I'm so tired of being alone that I traveled 1700 miles to be with someone who said they "loved" me even though I knew, in my heart, they didn't....

I spend a massive portion of my income on "going out" to be around people, even if they care less about me...
When all I want to do is watch a video, or have pizza, or even just hang with someone.... someone who wants to be with me.

So I cried.... and cried... I'm dry now I think. And I’m sure the "manly men" here will flame me..
In my entire life, if you took all the time I’ve officially been "dating" someone... it adds up to a little over a year. And I’ll be 28 next month.

Something always happens.  And I’m alone again.  I don't feel codependent as you have to attach to someone for that... but I AM desperate I think.

Am I such a horrible person that no one can stand me for long?  Everyone says what a nice person I am.

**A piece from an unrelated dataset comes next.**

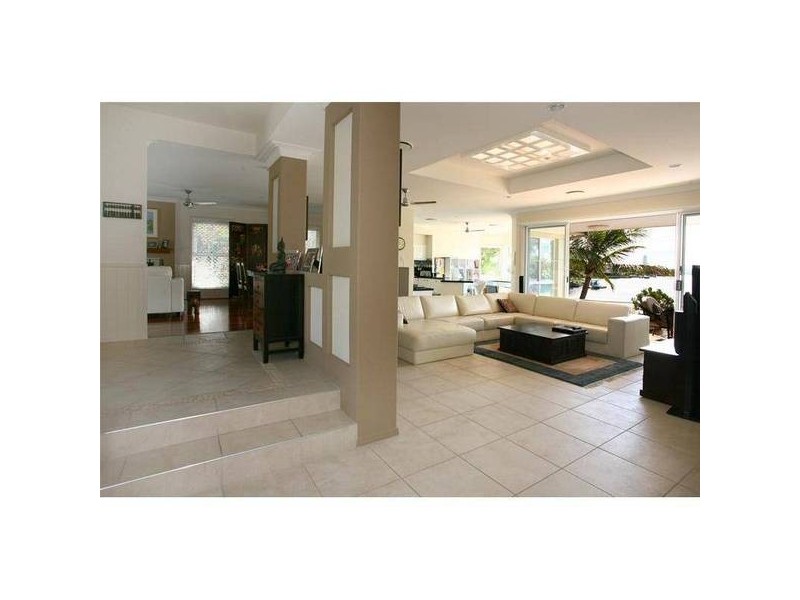 Clear Island Waters QLD 4226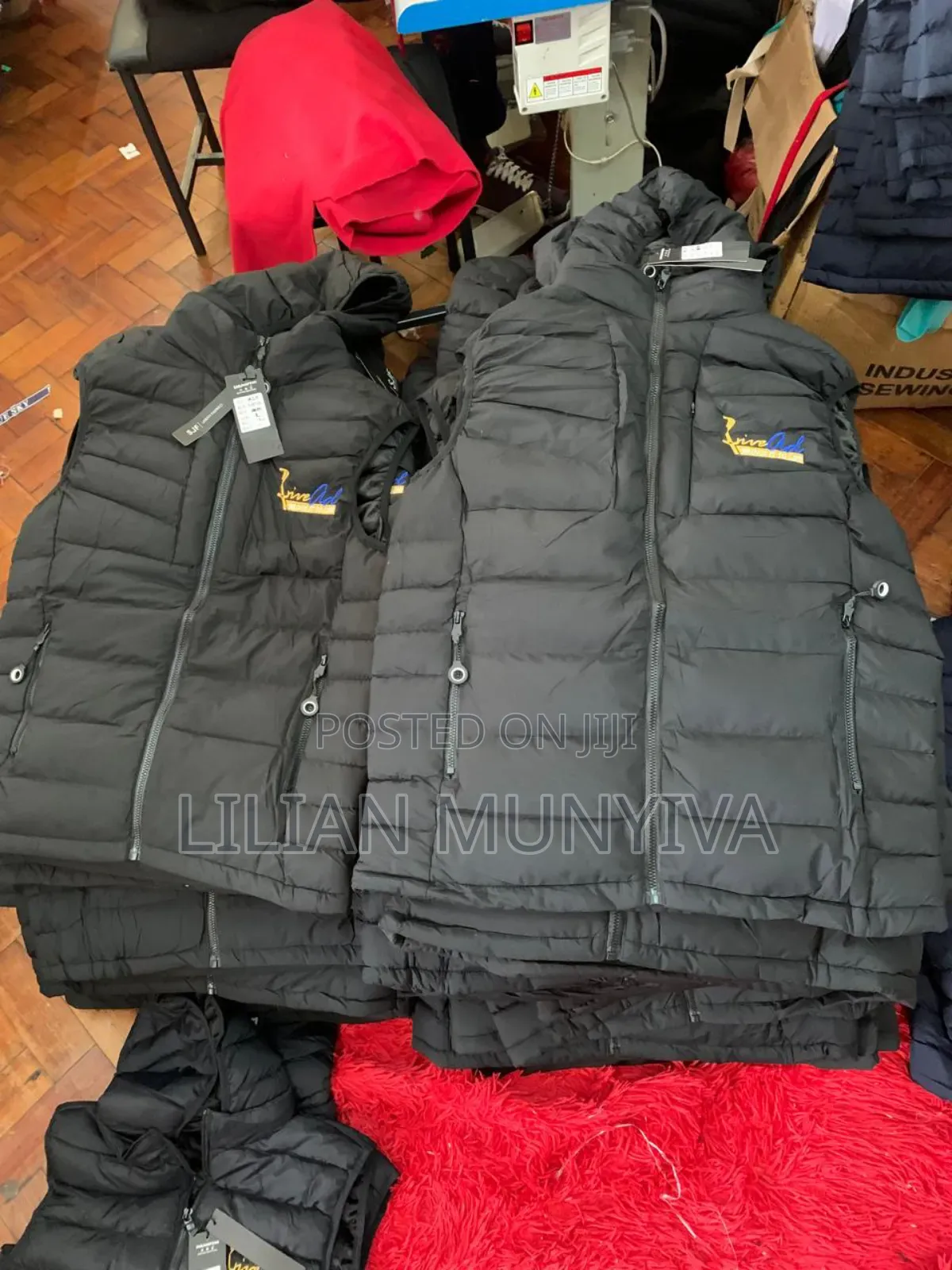 Branded Puffed Jackets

How come it's always the ones a million miles away that say that?  It's easier...

So here I sit. Not even on icq right now. Because I'm all sniffles...

It's even raining. Normally the rain is erotic to me. Where I can feel all the electricity in the air... tonight, it seems heavy and sad. Maybe it's my poetic license (up to date of course) that puts my moods into nature. Or maybe, just maybe, nature cries with me?

Maybe.

And maybe I'm not an idiot.

But I'm tired of being alone.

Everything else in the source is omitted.